Agora o desafio do Ministério Público é saber o que foi feito do dinheiro que sangrou dos cofres municipais para a Mendes Júnior, de lá foi diluído para subcontratos fantasmas e depois retornou à empreiteira. Na terça-feira 19, os promotores receberam um sinal verde para a elucidação do mistério. O juiz da 4ª Vara da Fazenda Pública, Luís Paulo Aliende Ribeiro, decretou, liminarmente, a quebra dos sigilos bancários de 22 pessoas físicas e jurídicas supostamente envolvidas no esquema. O período de análise das contas é de 1993 a 1998. Com esses dados, os promotores poderão ou não confirmar uma versão explosiva para o destino final dos recursos. Em depoimento prestado ao Ministério Público, Simeão Damasceno, ex-diretor administrativo da Mendes Júnior, afirmou que, depois de voltar para a empreiteira, o dinheiro era repassado ao “pessoal do Maluf”. Damasceno, que está sendo processado pela Mendes Júnior por tentativa de chantagem, não esconde sua participação na falcatrua.

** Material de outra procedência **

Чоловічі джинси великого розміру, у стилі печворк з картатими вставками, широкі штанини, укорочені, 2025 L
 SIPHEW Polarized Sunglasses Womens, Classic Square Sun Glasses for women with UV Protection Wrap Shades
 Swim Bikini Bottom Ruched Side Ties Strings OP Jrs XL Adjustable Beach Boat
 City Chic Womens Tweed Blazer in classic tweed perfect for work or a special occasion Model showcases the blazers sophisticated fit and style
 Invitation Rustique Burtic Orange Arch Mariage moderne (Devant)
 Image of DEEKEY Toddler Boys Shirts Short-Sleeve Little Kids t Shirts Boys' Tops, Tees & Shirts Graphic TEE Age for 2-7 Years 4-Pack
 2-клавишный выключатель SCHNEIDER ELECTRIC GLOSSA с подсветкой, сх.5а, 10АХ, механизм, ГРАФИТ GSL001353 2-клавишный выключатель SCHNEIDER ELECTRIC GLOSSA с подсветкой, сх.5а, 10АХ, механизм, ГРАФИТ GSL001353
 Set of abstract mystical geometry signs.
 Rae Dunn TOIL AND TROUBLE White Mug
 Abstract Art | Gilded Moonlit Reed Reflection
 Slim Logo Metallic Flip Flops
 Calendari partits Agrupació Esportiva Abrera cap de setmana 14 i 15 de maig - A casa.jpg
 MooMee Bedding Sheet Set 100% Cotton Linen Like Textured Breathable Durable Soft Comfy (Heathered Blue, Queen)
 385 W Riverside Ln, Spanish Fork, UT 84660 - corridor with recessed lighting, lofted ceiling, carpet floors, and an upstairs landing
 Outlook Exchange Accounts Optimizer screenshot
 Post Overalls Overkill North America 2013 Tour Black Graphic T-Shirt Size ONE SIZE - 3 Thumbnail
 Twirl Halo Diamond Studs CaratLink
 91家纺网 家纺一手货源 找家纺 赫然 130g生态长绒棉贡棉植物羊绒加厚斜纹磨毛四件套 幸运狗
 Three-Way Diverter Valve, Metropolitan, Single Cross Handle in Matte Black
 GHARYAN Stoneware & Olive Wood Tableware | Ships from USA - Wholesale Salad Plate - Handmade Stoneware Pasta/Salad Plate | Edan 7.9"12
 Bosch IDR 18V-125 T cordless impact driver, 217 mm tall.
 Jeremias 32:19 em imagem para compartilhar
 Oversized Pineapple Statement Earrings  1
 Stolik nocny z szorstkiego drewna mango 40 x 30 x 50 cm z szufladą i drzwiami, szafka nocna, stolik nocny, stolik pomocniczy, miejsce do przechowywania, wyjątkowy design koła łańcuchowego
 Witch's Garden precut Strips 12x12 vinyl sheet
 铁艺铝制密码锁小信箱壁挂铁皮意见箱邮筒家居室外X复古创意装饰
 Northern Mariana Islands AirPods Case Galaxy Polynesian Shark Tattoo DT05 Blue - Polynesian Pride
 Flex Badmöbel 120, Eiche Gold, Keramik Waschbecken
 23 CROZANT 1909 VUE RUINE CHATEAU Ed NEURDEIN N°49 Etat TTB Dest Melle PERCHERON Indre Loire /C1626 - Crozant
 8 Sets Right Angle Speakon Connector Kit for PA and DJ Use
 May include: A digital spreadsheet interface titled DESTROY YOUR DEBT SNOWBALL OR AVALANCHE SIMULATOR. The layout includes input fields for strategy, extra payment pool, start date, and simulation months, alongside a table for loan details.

“Cheguei a entregar pessoalmente parte desse dinheiro na casa de Reynaldo de Barros, que foi secretário de Vias Públicas. Fiz diversas operações com doleiros. Boa parte desses dólares era acomodada em caixas de uísque e bombons que eram dadas de presente aos agentes enviados por Maluf”, disse a ISTOÉ. O ex-prefeito, por sua vez, nega todas as acusações e garante ter ficado “muito alegre” com a quebra de seu sigilo bancário. “Nunca descobriram nada contra mim nem vão descobrir agora”, afirma. A Mendes Júnior prefere não se manifestar sobre o assunto. Por enquanto, uma boa parte do depoimento de Damasceno foi confirmada na prática. Resta saber se, depois da descoberta das empresas e dos serviços fantasmas, a quebra do sigilo bancário vai confirmar o destino do produto do superfaturamento. Em caso positivo, o Ministério Público estará a um passo da dinheirama existente no Exterior que supostamente pertence ao ex-prefeito.